I sometimes think that in the long run, one of the major things this medium will do for us is make new sorts of national and international connections more common. A few years ago, I suggested that,
The Blogosphere is young, but it shows some signs of potentially evolving into a miniature public sphere of its own, a sphere of shared interests rather than shared geography. Conceivably, the rise of a Blog culture, even one composed primarily of nonpolitical, wholly personal diaries, may enrich the public sphere. The impulse to read some Blogs may not be that different from the impulse that brings viewers to soap operas, but the experience of regularly encountering another person’s diary, of following along in a stranger’s life, might have value. If it encourages readers to identify with someone different from themselves, it encourages them to attempt “the intellectual exercise of viewing life from the perspective of others — to try to walk in each others’ shoes, to respect each other enough to engage in honest discourse, and to recognize in each other basic rights so as to create sufficient autonomy to make the discourse possible.” That encouragement is only part of what is needed for discourse ethics to flourish, but it is a start.
It’s an optimistic, perhaps unrealistic, hope, but it connects to some important theoretical commitments and aspirations,
If a social and legal system reproduces itself in a way that disables honest discourse among citizens, then it deserves to be criticized: it is not legitimate, and is potentially evil. A Hobbesian predator’s value system is more than just repulsive to outsiders — it is substantively invalid in terms of discourse ethics because by putting such heightened value on short-term selfish material gain and so little value on the needs or rights of anyone other than the individual, it prevents the victims of that worldview from engaging in the very discourse that might allow them to learn why they are making themselves so miserable. In contrast, a social system that encourages citizens to embark on the intellectual exercise of viewing life from the perspective of others — to try to walk in each others’ shoes, to respect each other enough to engage in honest discourse, and to recognize in each other basic rights so as to create sufficient autonomy to make dis-course possible — is on the path to legitimate lawmaking. Such a society enjoys at least a relative legitimacy, even if the rules in place today are not the ones that discourse theory would demand.

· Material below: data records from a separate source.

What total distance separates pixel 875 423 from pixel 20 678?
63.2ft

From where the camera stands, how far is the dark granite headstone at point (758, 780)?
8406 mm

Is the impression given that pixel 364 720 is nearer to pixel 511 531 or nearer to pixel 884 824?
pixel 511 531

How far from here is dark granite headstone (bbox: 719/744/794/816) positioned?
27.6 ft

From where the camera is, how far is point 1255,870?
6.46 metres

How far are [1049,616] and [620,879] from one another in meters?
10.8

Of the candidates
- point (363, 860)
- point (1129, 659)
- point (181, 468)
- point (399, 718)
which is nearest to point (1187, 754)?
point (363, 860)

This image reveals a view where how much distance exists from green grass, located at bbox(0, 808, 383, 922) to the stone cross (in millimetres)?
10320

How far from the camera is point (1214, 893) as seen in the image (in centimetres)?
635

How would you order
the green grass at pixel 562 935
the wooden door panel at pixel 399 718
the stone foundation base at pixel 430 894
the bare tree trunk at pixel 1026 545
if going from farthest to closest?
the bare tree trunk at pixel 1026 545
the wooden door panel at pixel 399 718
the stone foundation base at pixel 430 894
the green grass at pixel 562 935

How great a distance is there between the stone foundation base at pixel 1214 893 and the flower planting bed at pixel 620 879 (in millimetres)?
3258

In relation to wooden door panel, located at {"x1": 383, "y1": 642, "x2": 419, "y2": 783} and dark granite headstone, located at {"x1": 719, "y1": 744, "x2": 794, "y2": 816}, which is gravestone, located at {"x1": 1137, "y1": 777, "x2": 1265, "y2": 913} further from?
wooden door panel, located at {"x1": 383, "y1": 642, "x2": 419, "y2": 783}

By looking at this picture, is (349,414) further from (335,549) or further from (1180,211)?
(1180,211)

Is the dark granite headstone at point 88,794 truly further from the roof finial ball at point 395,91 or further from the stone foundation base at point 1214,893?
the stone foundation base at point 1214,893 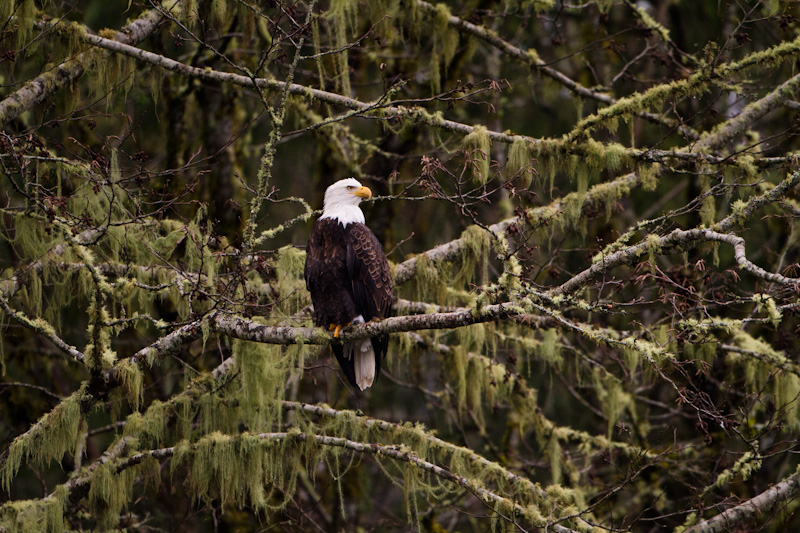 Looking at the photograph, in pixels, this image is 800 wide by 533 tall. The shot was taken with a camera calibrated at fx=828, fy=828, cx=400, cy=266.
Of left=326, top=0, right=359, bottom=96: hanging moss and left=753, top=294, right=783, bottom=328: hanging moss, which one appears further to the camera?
left=326, top=0, right=359, bottom=96: hanging moss

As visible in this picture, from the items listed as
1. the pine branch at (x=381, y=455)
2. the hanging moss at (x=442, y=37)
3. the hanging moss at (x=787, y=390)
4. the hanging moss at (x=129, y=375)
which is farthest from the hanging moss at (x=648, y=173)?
the hanging moss at (x=129, y=375)

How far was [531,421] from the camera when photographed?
6891 mm

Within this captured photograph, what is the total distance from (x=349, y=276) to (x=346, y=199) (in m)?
0.59

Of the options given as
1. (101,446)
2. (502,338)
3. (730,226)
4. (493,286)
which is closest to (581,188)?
(502,338)

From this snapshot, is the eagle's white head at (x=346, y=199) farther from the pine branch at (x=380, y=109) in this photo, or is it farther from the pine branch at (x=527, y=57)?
the pine branch at (x=527, y=57)

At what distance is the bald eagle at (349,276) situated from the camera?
5.42 meters

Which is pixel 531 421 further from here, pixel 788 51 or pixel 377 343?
pixel 788 51

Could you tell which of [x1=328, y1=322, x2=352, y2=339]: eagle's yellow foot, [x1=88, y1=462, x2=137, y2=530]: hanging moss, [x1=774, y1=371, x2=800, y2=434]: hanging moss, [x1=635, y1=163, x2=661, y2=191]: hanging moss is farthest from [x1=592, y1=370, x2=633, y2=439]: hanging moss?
[x1=88, y1=462, x2=137, y2=530]: hanging moss

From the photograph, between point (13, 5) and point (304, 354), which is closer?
point (13, 5)

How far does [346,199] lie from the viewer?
18.9 feet

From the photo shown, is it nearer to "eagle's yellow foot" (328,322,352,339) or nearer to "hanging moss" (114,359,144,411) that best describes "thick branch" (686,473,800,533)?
"eagle's yellow foot" (328,322,352,339)

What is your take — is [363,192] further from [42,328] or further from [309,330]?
[42,328]

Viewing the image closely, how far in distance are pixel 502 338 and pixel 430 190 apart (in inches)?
92.9

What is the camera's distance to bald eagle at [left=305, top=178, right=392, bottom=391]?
17.8ft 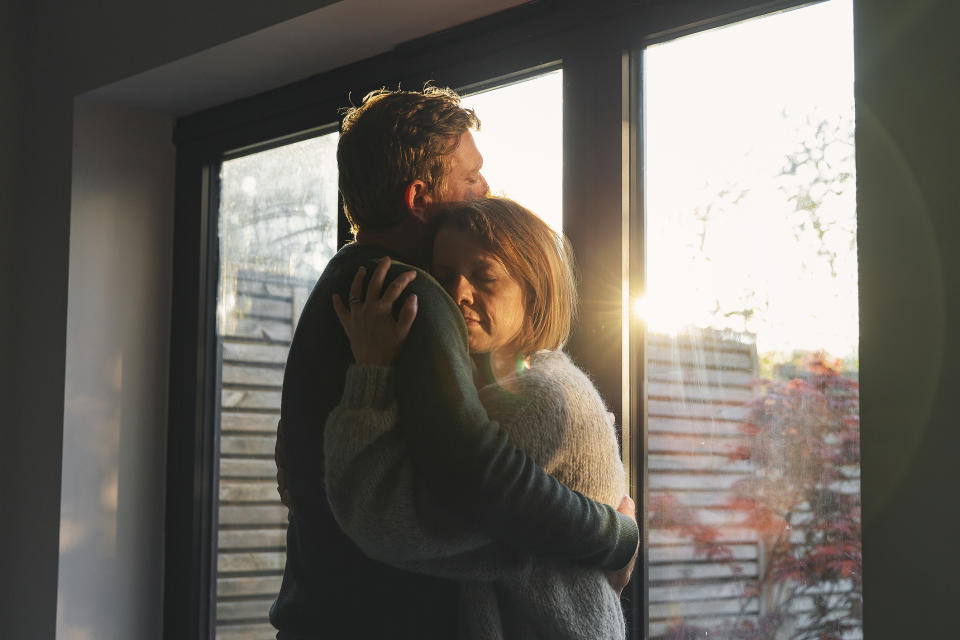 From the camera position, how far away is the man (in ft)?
3.61

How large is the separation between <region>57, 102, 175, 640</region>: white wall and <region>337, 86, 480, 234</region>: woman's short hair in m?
1.47

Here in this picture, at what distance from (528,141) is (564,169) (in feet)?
0.45

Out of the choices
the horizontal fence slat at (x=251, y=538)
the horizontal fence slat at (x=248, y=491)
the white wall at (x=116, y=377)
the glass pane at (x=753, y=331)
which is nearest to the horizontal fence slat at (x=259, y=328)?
the white wall at (x=116, y=377)

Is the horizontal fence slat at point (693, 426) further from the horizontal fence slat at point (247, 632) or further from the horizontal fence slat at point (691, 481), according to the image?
the horizontal fence slat at point (247, 632)

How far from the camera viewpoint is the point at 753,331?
5.01 feet

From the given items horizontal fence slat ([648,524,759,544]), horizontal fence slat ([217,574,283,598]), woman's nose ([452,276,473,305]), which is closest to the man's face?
woman's nose ([452,276,473,305])

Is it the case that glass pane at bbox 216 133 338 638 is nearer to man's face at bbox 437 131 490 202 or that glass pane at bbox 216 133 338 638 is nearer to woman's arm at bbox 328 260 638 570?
man's face at bbox 437 131 490 202

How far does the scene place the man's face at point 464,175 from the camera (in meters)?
1.32

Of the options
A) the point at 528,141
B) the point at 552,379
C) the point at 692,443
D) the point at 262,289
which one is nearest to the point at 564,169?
the point at 528,141

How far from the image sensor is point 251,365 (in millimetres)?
2500

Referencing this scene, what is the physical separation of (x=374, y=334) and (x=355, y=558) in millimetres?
292

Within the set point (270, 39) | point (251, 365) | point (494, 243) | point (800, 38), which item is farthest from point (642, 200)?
point (251, 365)

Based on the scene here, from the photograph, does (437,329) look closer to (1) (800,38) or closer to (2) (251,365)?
(1) (800,38)

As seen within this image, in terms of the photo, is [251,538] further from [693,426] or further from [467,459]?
[467,459] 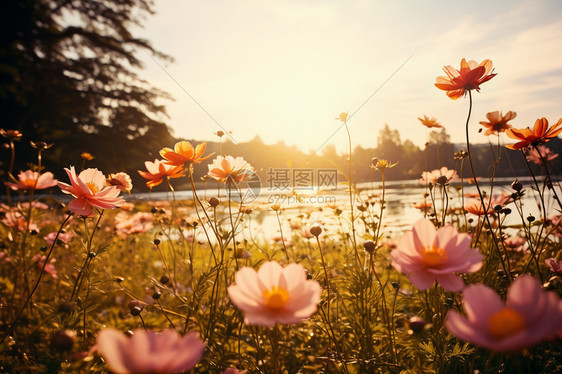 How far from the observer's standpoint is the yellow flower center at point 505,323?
1.07 ft

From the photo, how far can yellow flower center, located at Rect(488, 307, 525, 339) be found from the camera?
327mm

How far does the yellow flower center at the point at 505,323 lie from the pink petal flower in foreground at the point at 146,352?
315mm

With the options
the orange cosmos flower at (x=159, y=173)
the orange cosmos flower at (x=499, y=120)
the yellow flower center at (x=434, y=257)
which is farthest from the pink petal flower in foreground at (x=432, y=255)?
the orange cosmos flower at (x=499, y=120)

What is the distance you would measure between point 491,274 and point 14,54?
991 cm

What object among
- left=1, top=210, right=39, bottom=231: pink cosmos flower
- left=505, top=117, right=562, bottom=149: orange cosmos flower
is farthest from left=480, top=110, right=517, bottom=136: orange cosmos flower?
left=1, top=210, right=39, bottom=231: pink cosmos flower

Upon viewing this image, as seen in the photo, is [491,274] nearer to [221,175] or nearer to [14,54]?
[221,175]

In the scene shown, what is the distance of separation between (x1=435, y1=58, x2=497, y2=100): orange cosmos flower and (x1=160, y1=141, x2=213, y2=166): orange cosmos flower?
0.78 meters

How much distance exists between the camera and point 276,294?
0.49 m

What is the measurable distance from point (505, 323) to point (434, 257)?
0.66 ft

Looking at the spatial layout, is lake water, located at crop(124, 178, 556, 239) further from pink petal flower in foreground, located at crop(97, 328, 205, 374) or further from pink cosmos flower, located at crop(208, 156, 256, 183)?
pink petal flower in foreground, located at crop(97, 328, 205, 374)

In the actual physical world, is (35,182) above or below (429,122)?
below

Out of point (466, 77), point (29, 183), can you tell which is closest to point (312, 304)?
point (466, 77)

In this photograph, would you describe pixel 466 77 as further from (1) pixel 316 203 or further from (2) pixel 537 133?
(1) pixel 316 203

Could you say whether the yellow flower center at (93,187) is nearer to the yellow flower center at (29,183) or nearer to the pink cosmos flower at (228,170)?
the pink cosmos flower at (228,170) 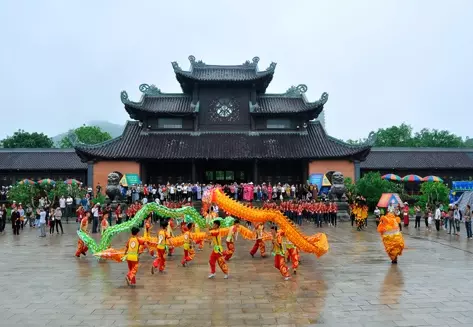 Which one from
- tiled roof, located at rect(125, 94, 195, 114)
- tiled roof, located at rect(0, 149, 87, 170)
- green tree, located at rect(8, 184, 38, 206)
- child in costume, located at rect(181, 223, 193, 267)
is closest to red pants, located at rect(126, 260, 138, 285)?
child in costume, located at rect(181, 223, 193, 267)

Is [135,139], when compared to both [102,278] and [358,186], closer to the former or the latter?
[358,186]

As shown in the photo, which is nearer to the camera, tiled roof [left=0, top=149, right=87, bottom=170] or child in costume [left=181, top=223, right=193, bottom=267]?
child in costume [left=181, top=223, right=193, bottom=267]

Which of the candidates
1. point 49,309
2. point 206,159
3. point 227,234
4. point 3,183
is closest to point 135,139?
point 206,159

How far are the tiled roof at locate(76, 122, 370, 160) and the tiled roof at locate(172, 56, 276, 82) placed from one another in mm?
4647

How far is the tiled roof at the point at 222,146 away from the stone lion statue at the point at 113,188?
5076mm

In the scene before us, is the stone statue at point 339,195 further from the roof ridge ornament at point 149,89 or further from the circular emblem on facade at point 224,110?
the roof ridge ornament at point 149,89

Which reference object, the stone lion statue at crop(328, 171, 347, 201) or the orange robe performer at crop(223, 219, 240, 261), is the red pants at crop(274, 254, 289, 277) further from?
the stone lion statue at crop(328, 171, 347, 201)

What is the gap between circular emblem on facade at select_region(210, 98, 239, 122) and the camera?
34688 millimetres

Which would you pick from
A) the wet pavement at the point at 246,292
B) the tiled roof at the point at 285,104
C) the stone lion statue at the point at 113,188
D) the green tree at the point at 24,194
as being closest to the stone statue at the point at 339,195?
the tiled roof at the point at 285,104

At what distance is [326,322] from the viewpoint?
7035 mm

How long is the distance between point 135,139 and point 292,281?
25.6 m

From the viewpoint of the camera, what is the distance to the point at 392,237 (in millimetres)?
12180

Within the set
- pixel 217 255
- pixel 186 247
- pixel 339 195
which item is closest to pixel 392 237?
pixel 217 255

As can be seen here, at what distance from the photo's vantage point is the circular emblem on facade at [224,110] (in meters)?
34.7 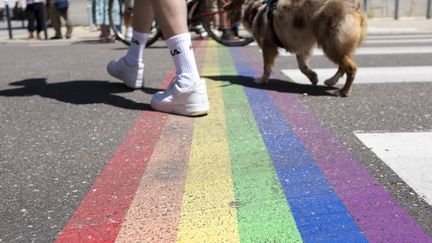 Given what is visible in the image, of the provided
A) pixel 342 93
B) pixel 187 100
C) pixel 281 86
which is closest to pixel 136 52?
pixel 187 100

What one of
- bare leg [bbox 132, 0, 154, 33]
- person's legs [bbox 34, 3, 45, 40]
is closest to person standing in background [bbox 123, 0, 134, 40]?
person's legs [bbox 34, 3, 45, 40]

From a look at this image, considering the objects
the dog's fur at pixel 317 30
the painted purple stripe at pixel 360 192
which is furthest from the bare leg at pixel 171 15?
the dog's fur at pixel 317 30

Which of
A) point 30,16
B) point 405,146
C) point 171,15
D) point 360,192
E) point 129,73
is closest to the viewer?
point 360,192

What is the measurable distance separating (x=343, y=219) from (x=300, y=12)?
8.70 feet

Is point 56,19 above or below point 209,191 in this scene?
above

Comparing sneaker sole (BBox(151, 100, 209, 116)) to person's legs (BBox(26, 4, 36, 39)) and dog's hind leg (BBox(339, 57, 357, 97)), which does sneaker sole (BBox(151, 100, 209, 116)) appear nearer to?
dog's hind leg (BBox(339, 57, 357, 97))

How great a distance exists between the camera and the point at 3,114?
3516 mm

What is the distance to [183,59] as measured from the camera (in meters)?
3.29

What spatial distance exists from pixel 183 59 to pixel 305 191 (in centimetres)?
159

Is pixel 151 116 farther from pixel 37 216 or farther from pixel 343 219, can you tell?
pixel 343 219

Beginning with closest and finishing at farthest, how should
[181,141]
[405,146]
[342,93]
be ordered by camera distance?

It may seem absurd to connect any of this to the author of Outpost Nine, an American guy dodging Japanese school children who he claims want to do unspeakable things to him in the hallways. He doesn’t quite seem up to bearing all this freight, or even much of it. But in the end, we’re all in it together.
[Original draft 5/10/2006. As part of my blog redesign, I’ve been going through draft blog posts that somehow never made it to publication. This is one of them.]
2010: The links in this piece all seem to be dead, at least as far as the teacher’s diary is concerned, and replaced with uninteresting ‘editorials’ about his love life. Which is sort of a shame, as the stuff about Japanese schoolchildren was, modulo unreliable narrator, a window into a very foreign world. I’m posting it anyway, (with a link to archive.org for those who care about (alleged) weirdness in Japanese schools) as the parts about the Internet reflect what I was thinking about in 2006, and still gnaw on today.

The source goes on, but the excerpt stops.